If, however, this is targeted at the providers who are actually collecting IDs as part of their AML compliance strategy, then there’s a much simpler solution here: just become the ID equivalent of a Certificate Authority. Dedup Telegram accounts by using a unique constraint on accounts’ validated ID documents’ extracted creds; and then allow sites to use Telegram for Single Sign-On. Boom—instant surety that each of your users is a real person, and not fifty bots laundering one person’s money; and no need for anyone besides Telegram to actually see your ID (i.e. a much lower chance of identity theft.)
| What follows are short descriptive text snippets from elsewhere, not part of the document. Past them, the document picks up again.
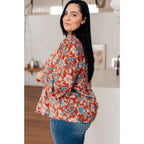 Neutral Floral Delight Blouse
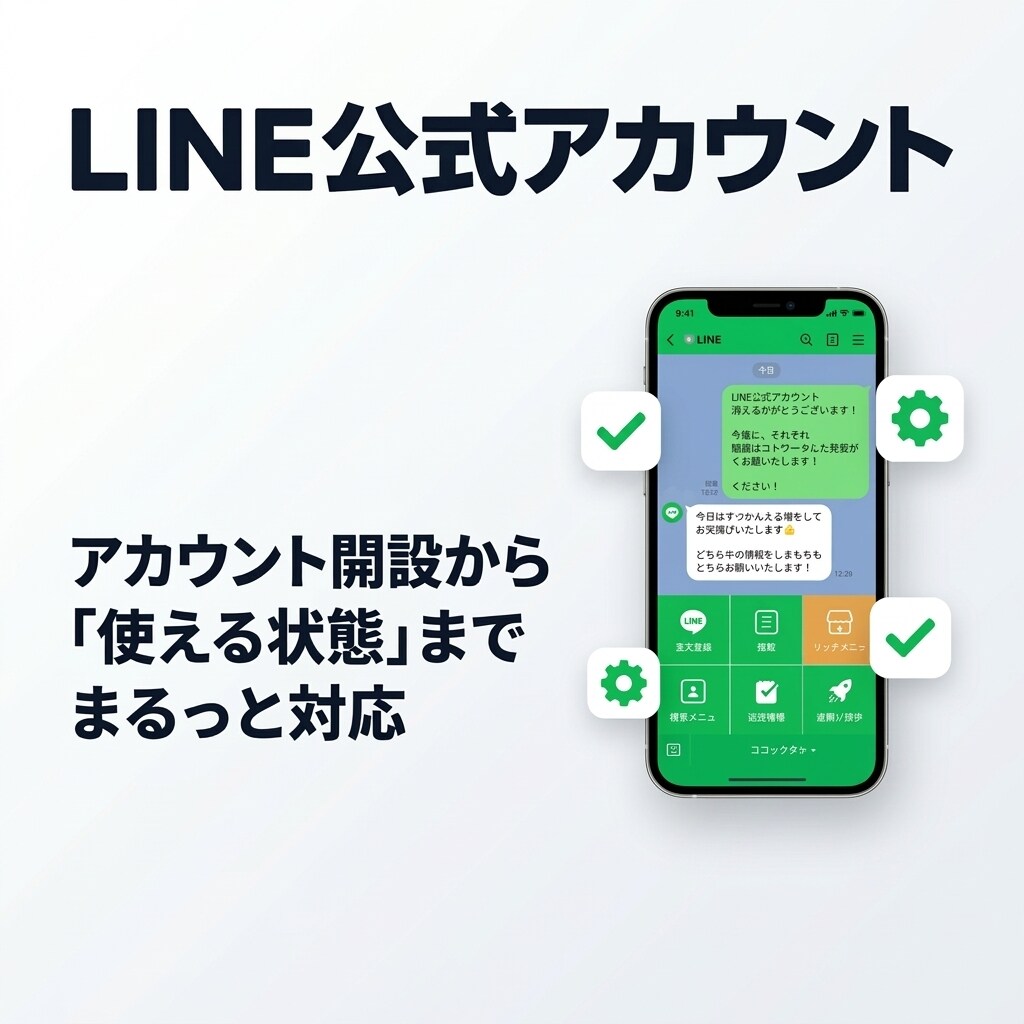特価！｜LINE公式アカウントの初期設定をします アカウント開設→「使える状態」まで、まとめてお任せください イメージ1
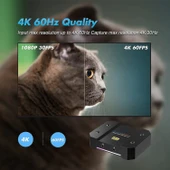 DIGITNOW USB Video Yakalama Kartı 4K/60Hz HDR10 Sıfır Gecikmeli - Siyah - 2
Plus, if enough sites require SSO through an ID-document verifying identity provider, then even sites that ha d no legal reason to require it can free-ride off the benefit in user-deduplication it provides. Imagine, for example, a Reddit or a 4chan where users are still pseudonymous or anonymous, but where banning a user truly works, permanently, with no routing around it (unless you have the criminal connections required to buy yourself a new real-world identity.)



Companies that deal with money aren't going to use SSO; they want to own their login system.


Even governments are willing to use SSO if it's SSO using entities both they and their customers trust with their money, e.g. major banks. (At least, that's how it is here in Canada with https://securekeyconcierge.com.)

Given that Telegram is already a payment processor (i.e. something people trust with their money), it could serve a similar role, no?